(Information provided begins)

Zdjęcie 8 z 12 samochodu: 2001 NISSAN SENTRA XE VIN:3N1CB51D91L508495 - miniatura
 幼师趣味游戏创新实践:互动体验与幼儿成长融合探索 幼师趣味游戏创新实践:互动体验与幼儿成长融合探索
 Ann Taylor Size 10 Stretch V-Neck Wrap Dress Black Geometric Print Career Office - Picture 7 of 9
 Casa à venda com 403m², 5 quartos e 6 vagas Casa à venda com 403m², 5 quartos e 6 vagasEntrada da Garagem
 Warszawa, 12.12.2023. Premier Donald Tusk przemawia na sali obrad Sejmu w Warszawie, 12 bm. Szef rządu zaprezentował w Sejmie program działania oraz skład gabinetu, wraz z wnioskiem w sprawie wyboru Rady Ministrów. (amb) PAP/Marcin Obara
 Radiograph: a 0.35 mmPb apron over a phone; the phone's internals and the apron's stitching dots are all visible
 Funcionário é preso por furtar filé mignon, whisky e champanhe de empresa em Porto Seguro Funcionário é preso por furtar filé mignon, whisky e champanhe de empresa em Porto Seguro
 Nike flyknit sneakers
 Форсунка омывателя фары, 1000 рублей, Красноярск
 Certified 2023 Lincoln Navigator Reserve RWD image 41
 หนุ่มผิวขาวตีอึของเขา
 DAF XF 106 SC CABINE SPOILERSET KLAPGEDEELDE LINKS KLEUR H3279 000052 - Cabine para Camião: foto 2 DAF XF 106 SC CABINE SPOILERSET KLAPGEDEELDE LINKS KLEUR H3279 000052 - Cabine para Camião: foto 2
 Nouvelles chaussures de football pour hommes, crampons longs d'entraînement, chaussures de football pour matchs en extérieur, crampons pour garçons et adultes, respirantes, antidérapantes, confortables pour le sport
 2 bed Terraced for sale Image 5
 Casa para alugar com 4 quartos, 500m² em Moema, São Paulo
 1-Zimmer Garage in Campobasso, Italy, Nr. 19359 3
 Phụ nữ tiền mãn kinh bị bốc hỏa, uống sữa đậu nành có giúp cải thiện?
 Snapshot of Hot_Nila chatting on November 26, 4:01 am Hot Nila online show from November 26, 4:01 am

(Information provided ends)

In the entries above, one line contains "Ann Taylor Size" and another contains "Camião: foto 2 DAF". Reproduce exactly those two lines and the lines between them, nothing else.

_Exercise response_
 Ann Taylor Size 10 Stretch V-Neck Wrap Dress Black Geometric Print Career Office - Picture 7 of 9
 Casa à venda com 403m², 5 quartos e 6 vagas Casa à venda com 403m², 5 quartos e 6 vagasEntrada da Garagem
 Warszawa, 12.12.2023. Premier Donald Tusk przemawia na sali obrad Sejmu w Warszawie, 12 bm. Szef rządu zaprezentował w Sejmie program działania oraz skład gabinetu, wraz z wnioskiem w sprawie wyboru Rady Ministrów. (amb) PAP/Marcin Obara
 Radiograph: a 0.35 mmPb apron over a phone; the phone's internals and the apron's stitching dots are all visible
 Funcionário é preso por furtar filé mignon, whisky e champanhe de empresa em Porto Seguro Funcionário é preso por furtar filé mignon, whisky e champanhe de empresa em Porto Seguro
 Nike flyknit sneakers
 Форсунка омывателя фары, 1000 рублей, Красноярск
 Certified 2023 Lincoln Navigator Reserve RWD image 41
 หนุ่มผิวขาวตีอึของเขา
 DAF XF 106 SC CABINE SPOILERSET KLAPGEDEELDE LINKS KLEUR H3279 000052 - Cabine para Camião: foto 2 DAF XF 106 SC CABINE SPOILERSET KLAPGEDEELDE LINKS KLEUR H3279 000052 - Cabine para Camião: foto 2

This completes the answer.